| Your assignment |
What are the lines from the one containing "Skirts Women Mini" through the last line of the records below? Return them exactly, leaving out pictures.

┌────────

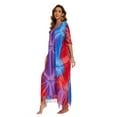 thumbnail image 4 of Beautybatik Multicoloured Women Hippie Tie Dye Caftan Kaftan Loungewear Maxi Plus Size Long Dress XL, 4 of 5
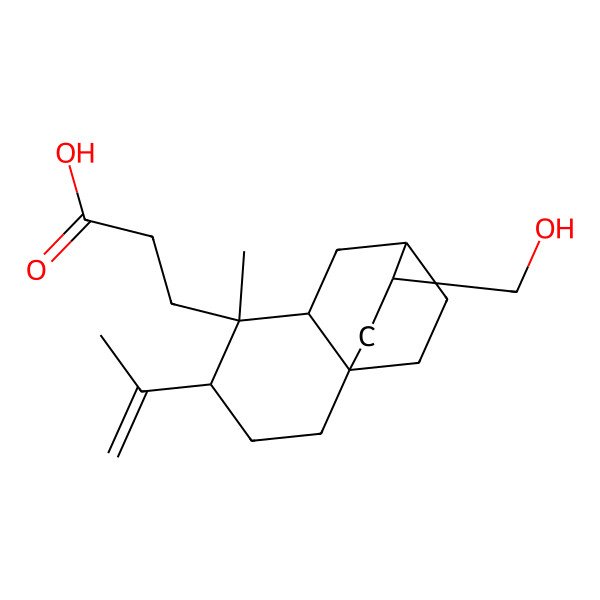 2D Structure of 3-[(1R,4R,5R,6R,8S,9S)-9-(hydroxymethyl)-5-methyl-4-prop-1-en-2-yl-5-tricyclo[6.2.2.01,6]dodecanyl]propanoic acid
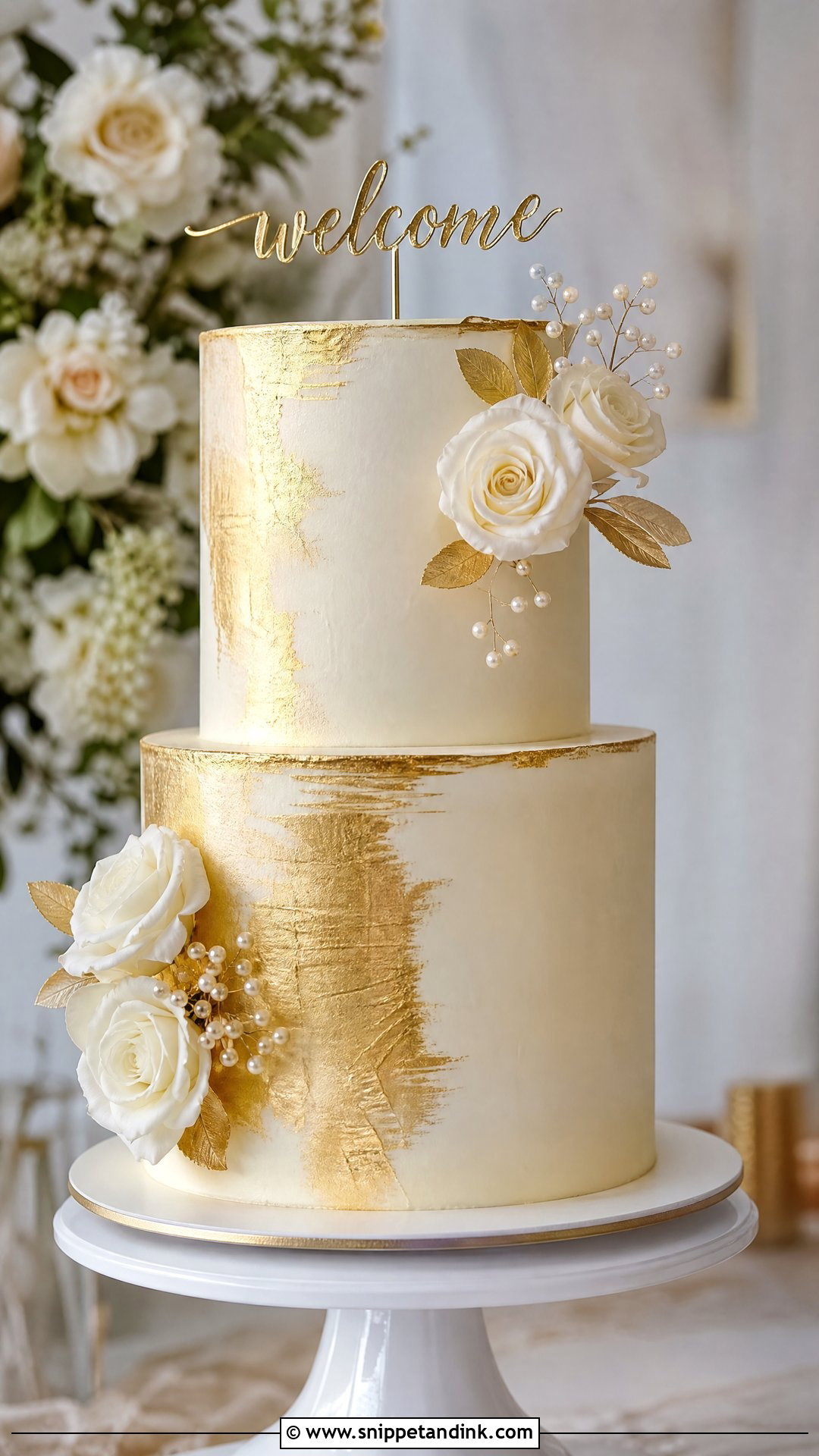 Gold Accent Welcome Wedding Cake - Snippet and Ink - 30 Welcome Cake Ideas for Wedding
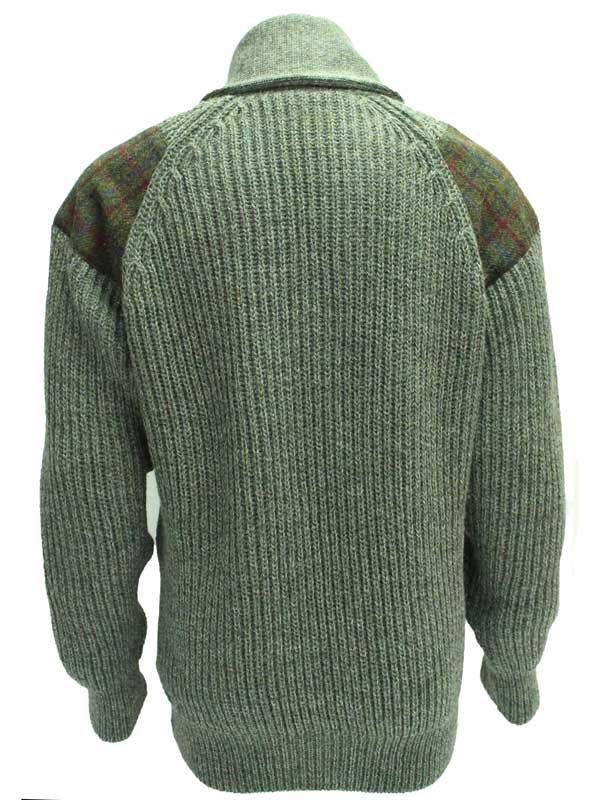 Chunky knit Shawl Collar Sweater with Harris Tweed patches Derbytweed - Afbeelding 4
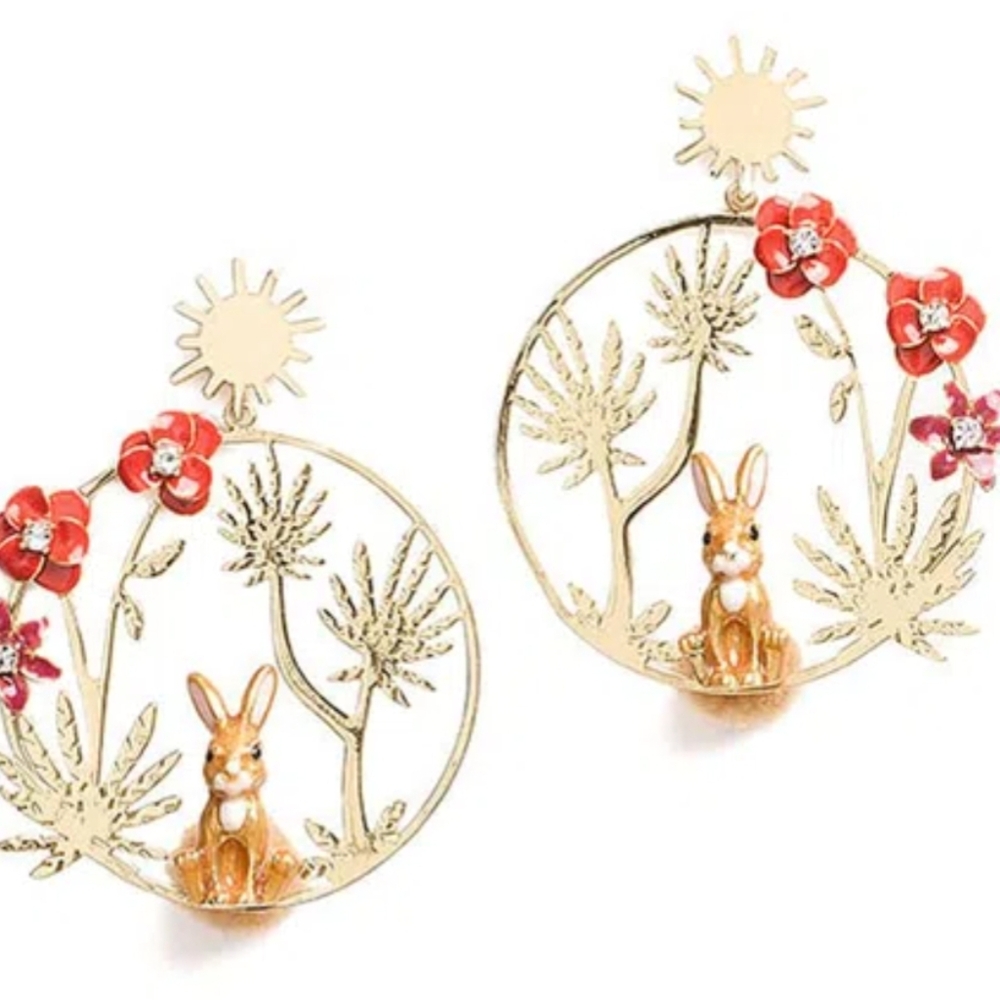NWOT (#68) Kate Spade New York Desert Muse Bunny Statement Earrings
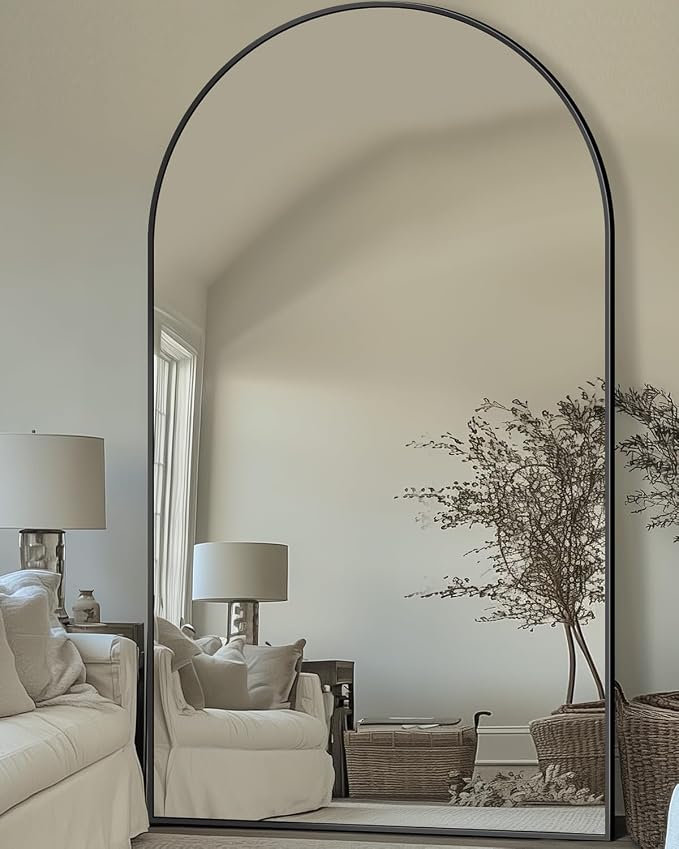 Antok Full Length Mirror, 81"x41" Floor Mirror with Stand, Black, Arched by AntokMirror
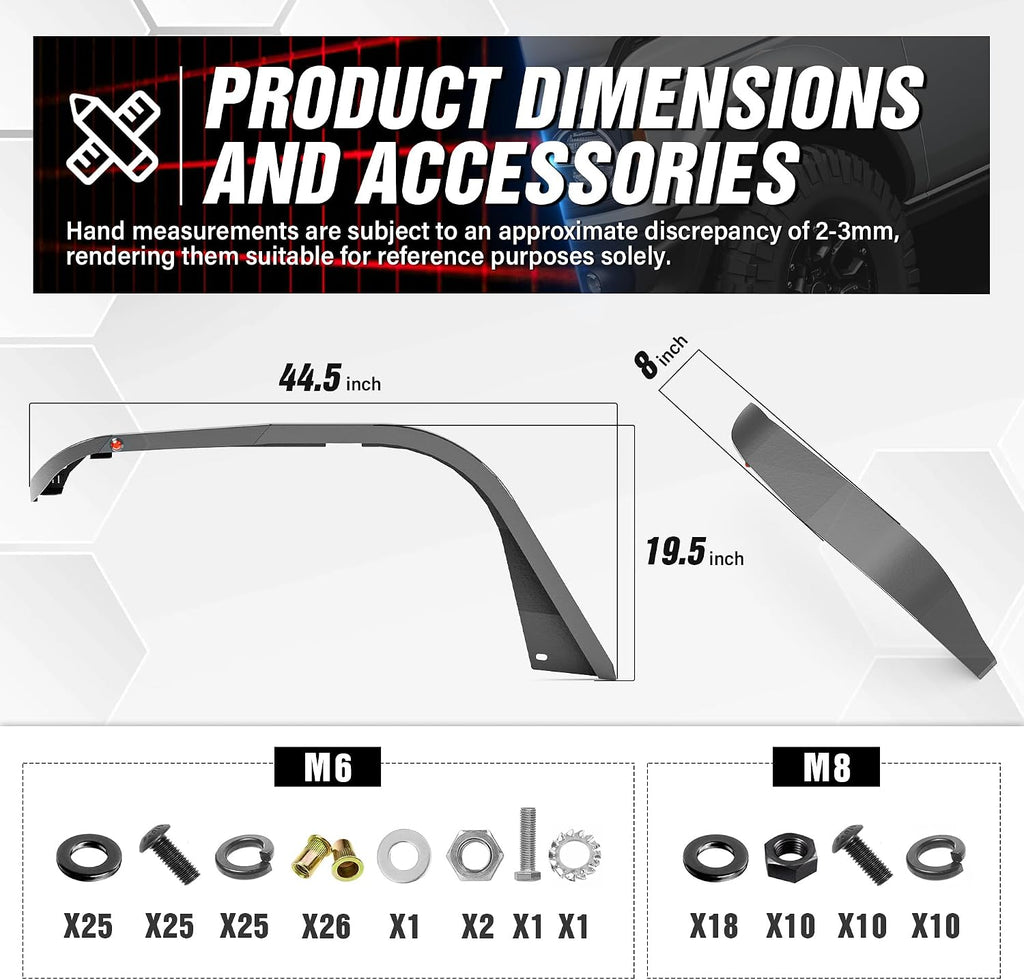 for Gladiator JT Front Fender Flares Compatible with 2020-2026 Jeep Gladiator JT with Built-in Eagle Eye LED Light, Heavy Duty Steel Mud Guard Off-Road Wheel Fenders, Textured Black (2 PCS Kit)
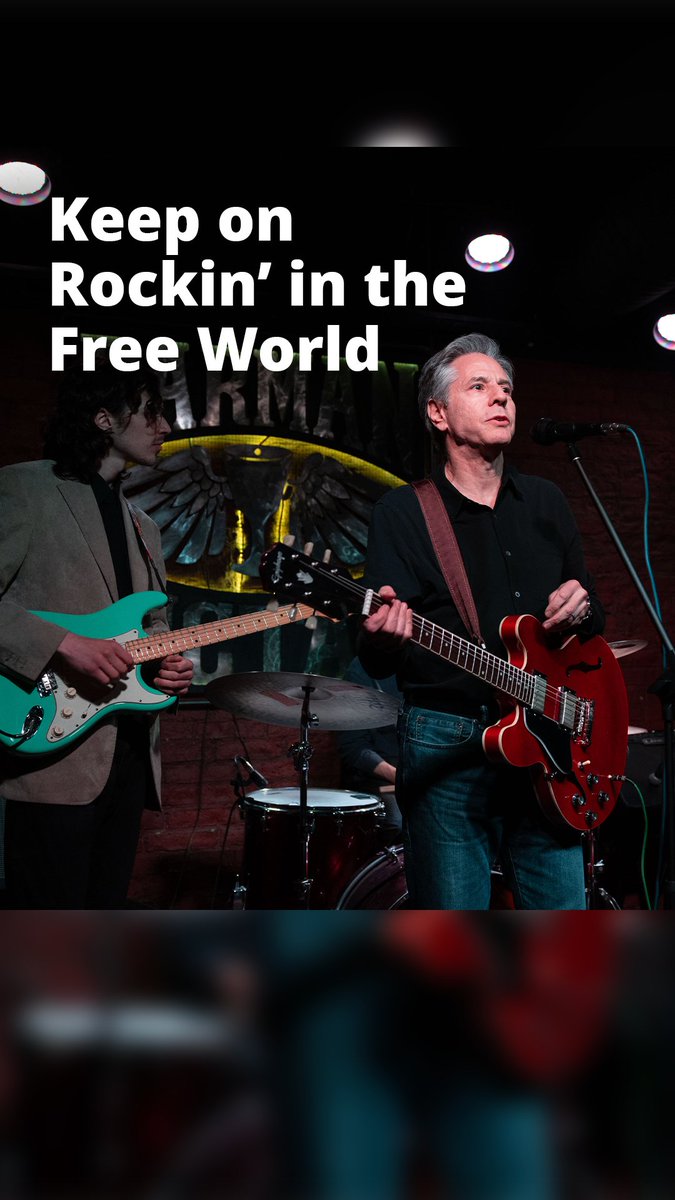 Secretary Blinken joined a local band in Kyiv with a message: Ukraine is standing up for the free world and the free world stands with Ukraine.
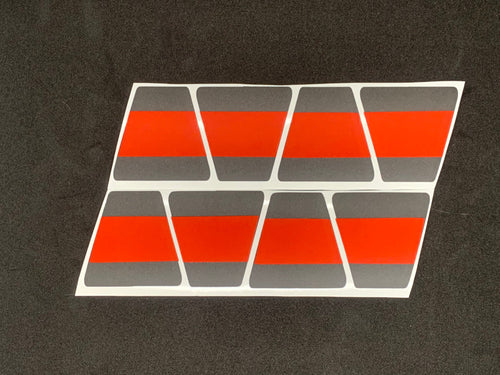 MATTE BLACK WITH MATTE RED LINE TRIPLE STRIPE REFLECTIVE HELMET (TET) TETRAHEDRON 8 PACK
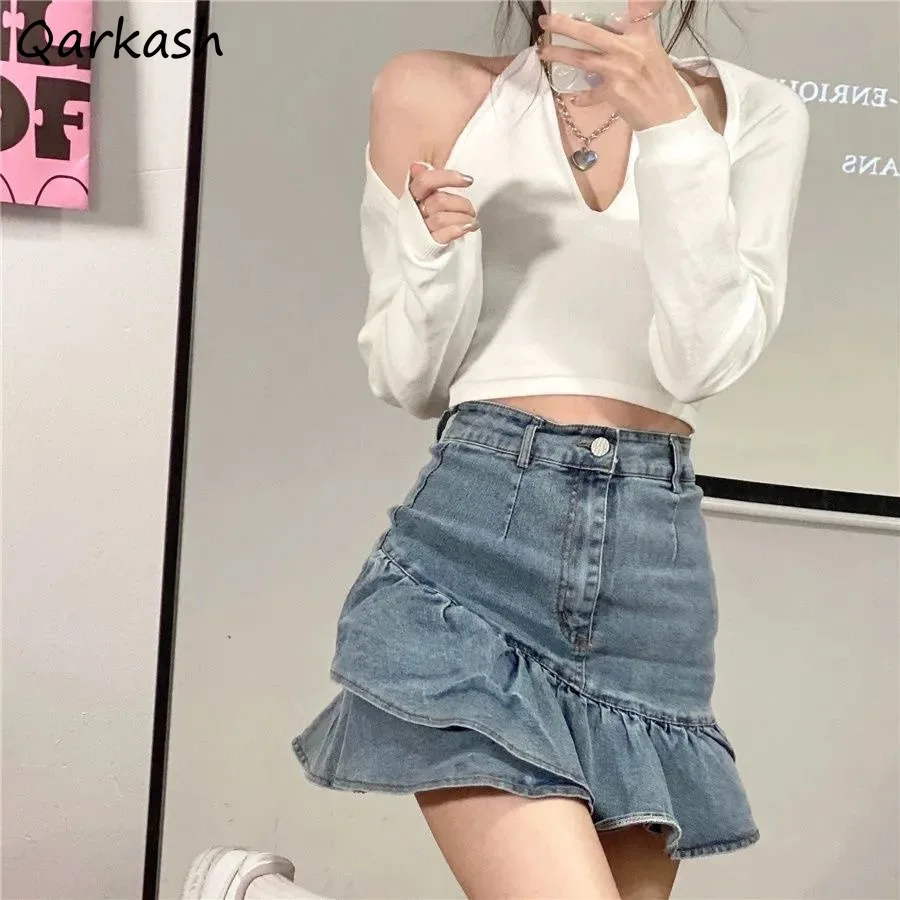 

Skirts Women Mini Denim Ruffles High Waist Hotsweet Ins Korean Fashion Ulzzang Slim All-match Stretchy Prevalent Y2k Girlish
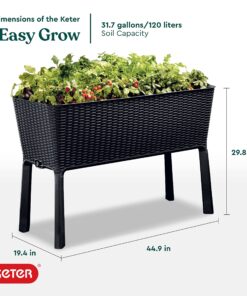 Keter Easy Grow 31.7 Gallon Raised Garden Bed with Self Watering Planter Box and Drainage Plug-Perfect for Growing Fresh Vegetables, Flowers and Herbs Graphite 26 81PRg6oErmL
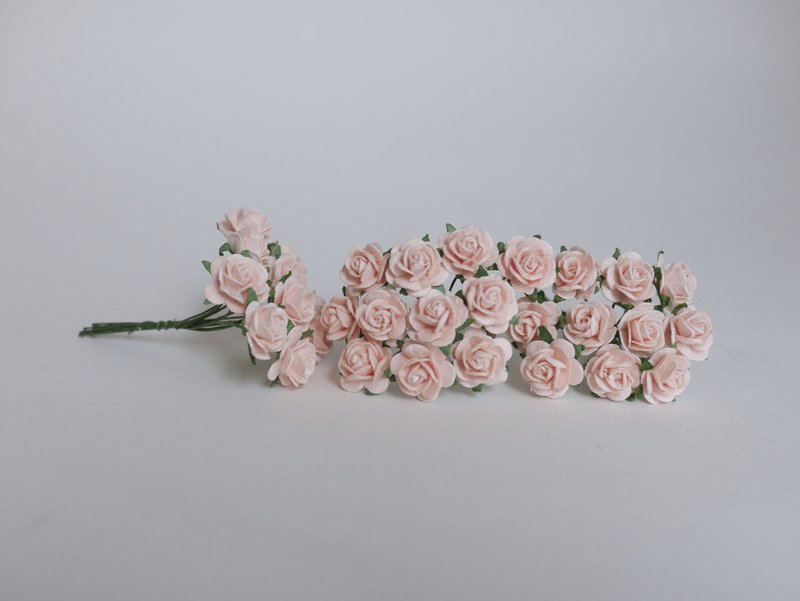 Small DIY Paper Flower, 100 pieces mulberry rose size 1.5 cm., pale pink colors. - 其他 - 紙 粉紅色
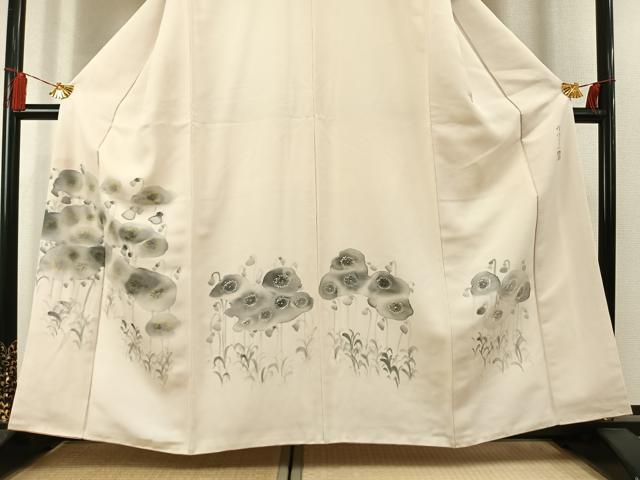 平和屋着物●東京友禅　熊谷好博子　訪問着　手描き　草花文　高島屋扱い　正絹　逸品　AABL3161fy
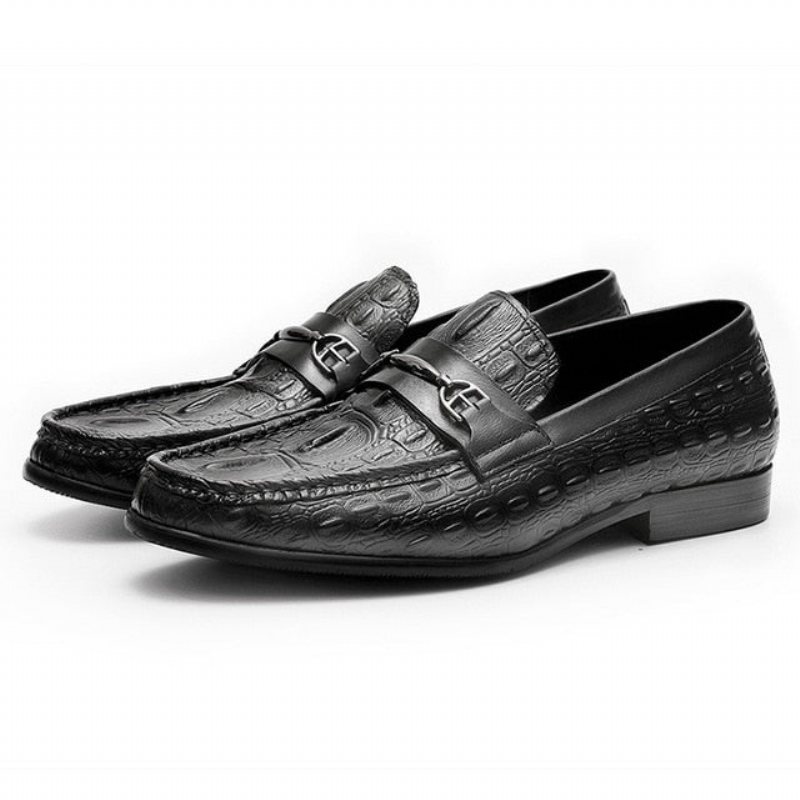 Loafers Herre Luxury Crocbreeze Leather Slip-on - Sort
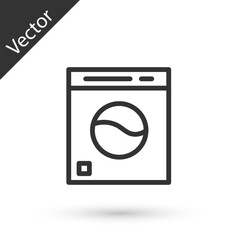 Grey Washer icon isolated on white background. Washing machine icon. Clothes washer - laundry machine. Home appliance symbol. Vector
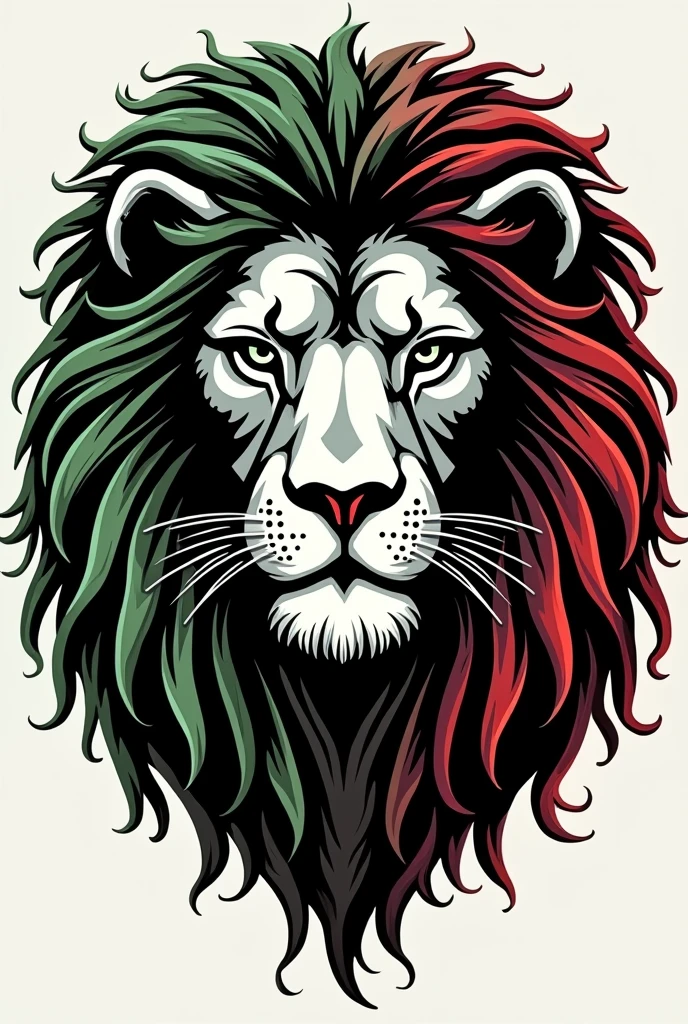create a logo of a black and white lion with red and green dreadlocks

└────────

| Written response |
Skirts Women Mini Denim Ruffles High Waist Hotsweet Ins Korean Fashion Ulzzang Slim All-match Stretchy Prevalent Y2k Girlish
 Keter Easy Grow 31.7 Gallon Raised Garden Bed with Self Watering Planter Box and Drainage Plug-Perfect for Growing Fresh Vegetables, Flowers and Herbs Graphite 26 81PRg6oErmL
 Small DIY Paper Flower, 100 pieces mulberry rose size 1.5 cm., pale pink colors. - 其他 - 紙 粉紅色
 平和屋着物●東京友禅　熊谷好博子　訪問着　手描き　草花文　高島屋扱い　正絹　逸品　AABL3161fy
 Loafers Herre Luxury Crocbreeze Leather Slip-on - Sort
 Grey Washer icon isolated on white background. Washing machine icon. Clothes washer - laundry machine. Home appliance symbol. Vector
create a logo of a black and white lion with red and green dreadlocks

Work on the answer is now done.